Best for: people who struggle with their work/life balance
10. Good to Great: Why Some Companies Make the Leap and Others Don’t, by Jim Collins
The result of a five-year project, Collins research includes findings from a 21-person research team and over 2,000 pages of transcripts examining how some companies make the leap from good to great, and why others fail to make the cut. Inside, he identifies the key characteristics of ‘elite’ companies, with a range of findings ranging from The Hedgehog Concept to The Flywheel and the Doom Loop. “Some of the key concepts discerned in the study,” comments Jim Collins, “fly in the face of our modern business culture and will, quite frankly, upset some people.” Intrigued? You should be.
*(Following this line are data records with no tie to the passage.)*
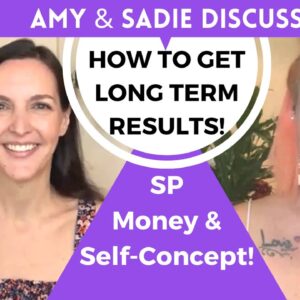 Manifesting your self-concept AND your result (Money & SP) with Sadie & Amy - Part 1
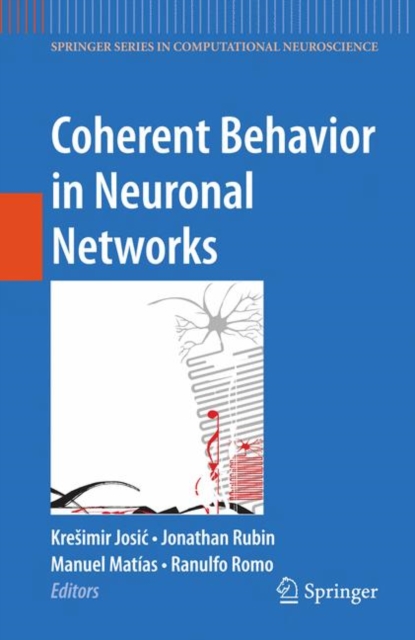 Coherent Behavior in Neuronal Networks, Hardback Book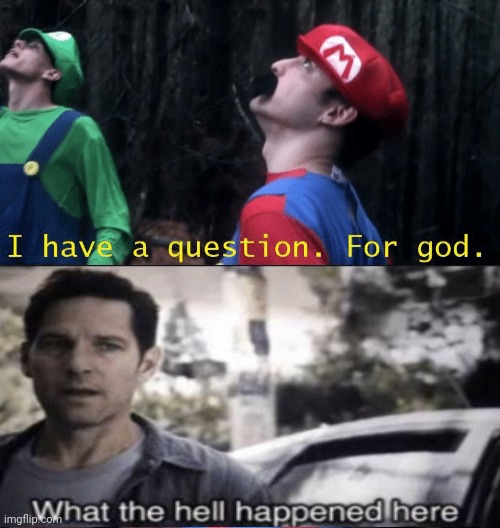 I have a question. For god...WHY? | image tagged in i have a question for god why | made w/ Imgflip meme maker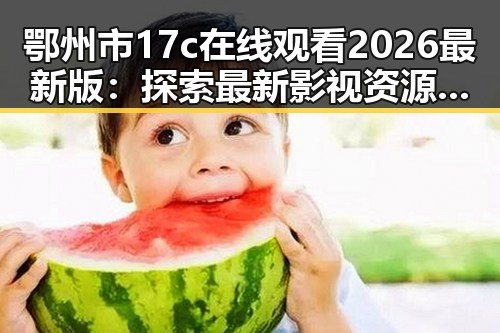 鄂州市17c在线观看2026最新版：探索最新影视资源动态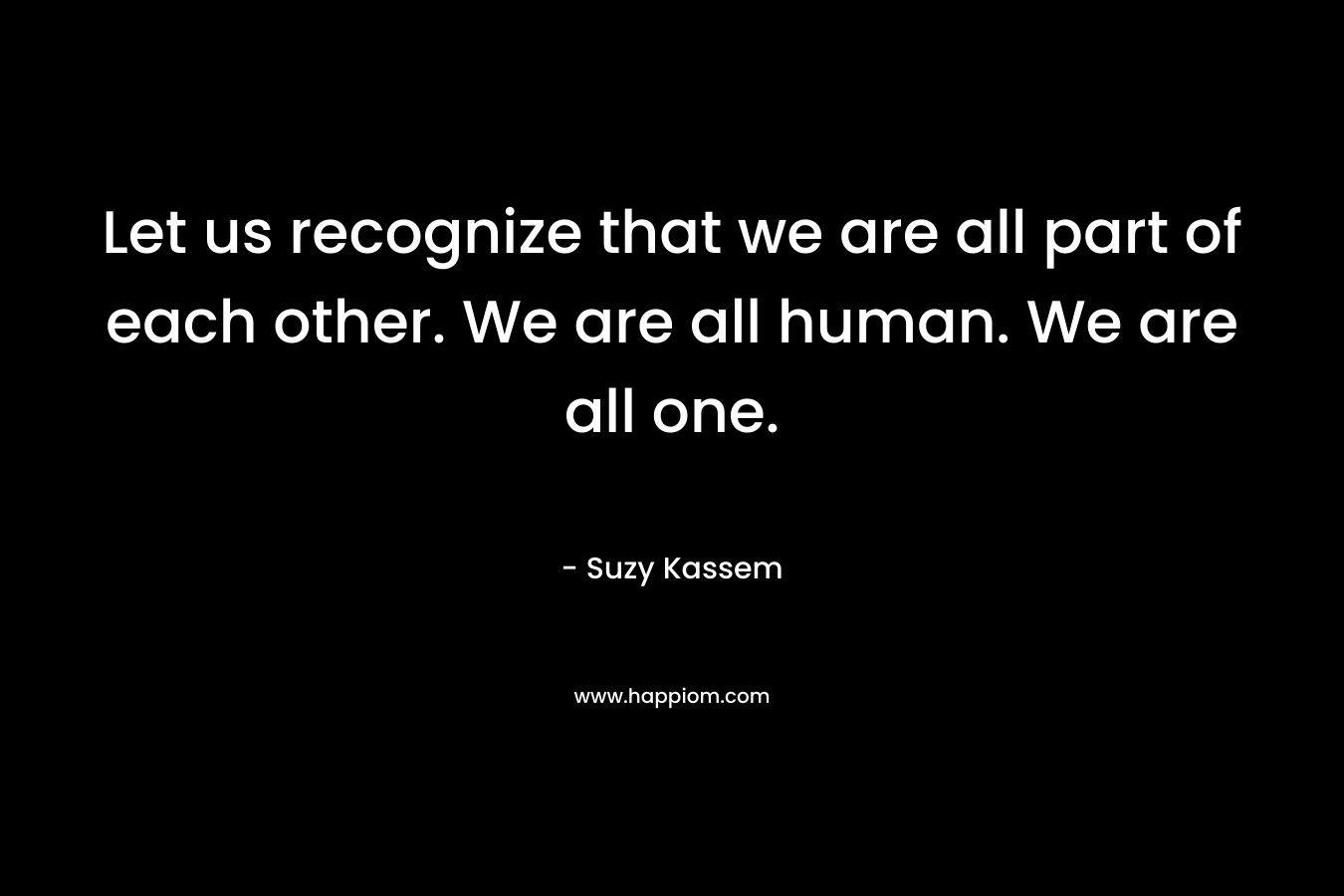 Let us recognize that we are all part of each other. We are all human. We are all one.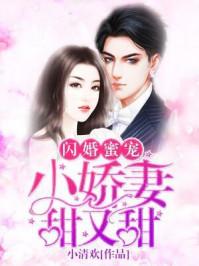 闪婚蜜宠小娇妻甜又甜宫奕深夜来访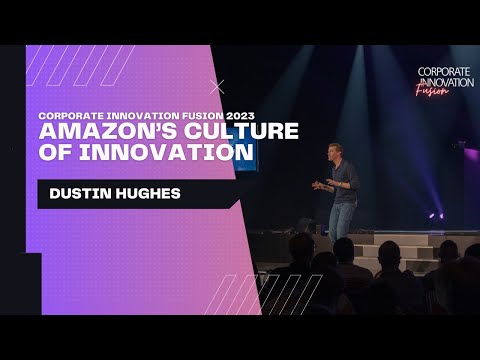 Amazon's Culture of Innovation | Corporate Innovation Fusion 2023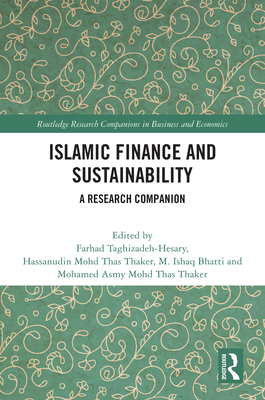 Islamic Finance and Sustainability: A Research Companion - Taghizadeh-Hesary, Farhad (Editor), and Thas Thaker, Hassanudin Mohd (Editor), and Bhatti, M Ishaq (Editor)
Best for: people who want to pull ahead of the competition
11. Daring Greatly, by Brené Brown
There’s a common misconception that leaders should be outwardly strong and all-knowing at all times. If that’s something you find daunting, then here’s a book for you. Drawing from 12 years of research, professor, founder and CEO of The Daring Way, Brené Brown dispels “the cultural myth that vulnerability is weakness and argues that it is, in truth, our most accurate measure of courage.” Brown blends a mixture of academia with personal stories as she uncovers how empathy and creativity are all vital leadership attributes that both stem from vulnerability.